Croatia goes to the polls facing migrant wave, economic woes

Zagreb (AFP) - Croatians voted in a general election Sunday with conservatives aspiring to return to power as the EU nation faces a wave of migrants and slowly emerges from six years of recession.

Opinion polls predict a tight race between the ruling centre-left alliance, led by Prime Minister Zoran Milanovic's Social Democrats (SDP), and the rival conservative 'Patriotic Coalition', in Croatia's first parliamentary election since it joined the European Union in 2013.

Neither camp is expected to win an outright majority in the 151-seat parliament, making it likely that the government's make-up will be decided in post-election talks with smaller parties.

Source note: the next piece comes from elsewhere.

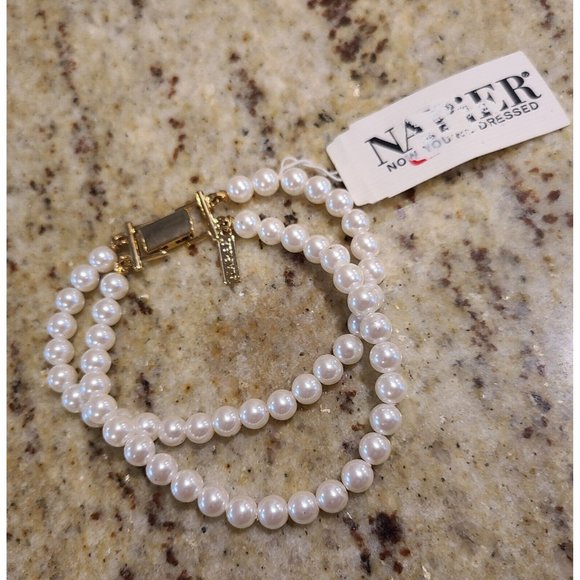 NEW! Vintage Signed Napier Double Strand Faux Pearl Bracelet Gold Tone Clasp - Picture 2 of 8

"We will prevail... and form the next government by gathering a majority," an upbeat Milanovic told reporters after voting in downtown Zagreb.

Analysts warned that support for the main opposition Croatian Democratic Union (HDZ) tends to be underplayed in surveys, but that the centre-left bloc might have more potential to form a coalition government if votes are split.

The ruling coalition, in power since 2011, has been blamed for failing to reform the country's inefficient public sector or improve the business climate in Croatia, one of the EU's poorest-performing economies.

But the bloc, campaigning with the slogan 'Croatia is Growing', has won back some support thanks to a slight return to economic growth and the government's introduction of some populist measures.

Career diplomat turned premier Milanovic, 49, also appears to have been boosted by his policy towards refugees transiting through Croatia to Slovenia, by both showing compassion and pledging to defend national interests.

Nearly 350,000 migrants have passed through Croatia since mid-September on their way to northern Europe, after Hungary closed its border with Serbia.

The HDZ, which was buoyed by the election of its presidential candidate Kolinda Grabar-Kitarovic in January, has accused the government of lacking control since the start of migrant influx.

The HDZ was ousted in 2011 amid a series of unprecedented scandals involving its former leader and ex-prime minister Ivo Sanader.

- 'Battle for Croatia! -

The party has dominated Croatian politics since the former Yugoslav republic proclaimed independence in 1991, a move that sparked a four-year war with rebel Serbs.

"We will be the winners, you will see tonight," assured HDZ leader Tomislav Karamarko after voting in the capital.

The 56-year-old former spy chief has run an electoral campaign heavy in patriotic rhetoric, glorifying his party's late founder and 'Father of the Nation', Franjo Tudjman.

"This is a battle for Croatia!" he declared at a 15,000-strong rally on Thursday, intimating that his SDP rivals, with communist roots in the former Yugoslavia, were anti-independence.

The government has meanwhile consistently accused the opposition of corruption.

Analysts and many Croatians say neither of the two main blocs have provided comprehensive solutions to economic problems.

Although a return to growth of nearly one percent is expected this year, public debt stands at nearly 90 percent of gross domestic product and unemployment at 16.2 percent in September -- 43.1 percent among youths.

"The focus should be the economy and employment," said Maja Bacic, a 45-year-old administrator, after voting in downtown Zagreb.

She said she would vote for the SDP although it is "not an ideal choice", adding that the HDZ "only talks about the past and about the 1990s war, which ended 20 years ago".

Lucija Matkovic, a 23-year-old economist, said she would vote for the HDZ because "the current government did nothing".

Some fed up voters are opting for smaller parties such as newcomer Most (meaning 'Bridge' in Croatian), which could end up playing a key role in post-election negotiations.

The polls are to close at 1800 GMT with 3.8 million Croatians eligible to vote.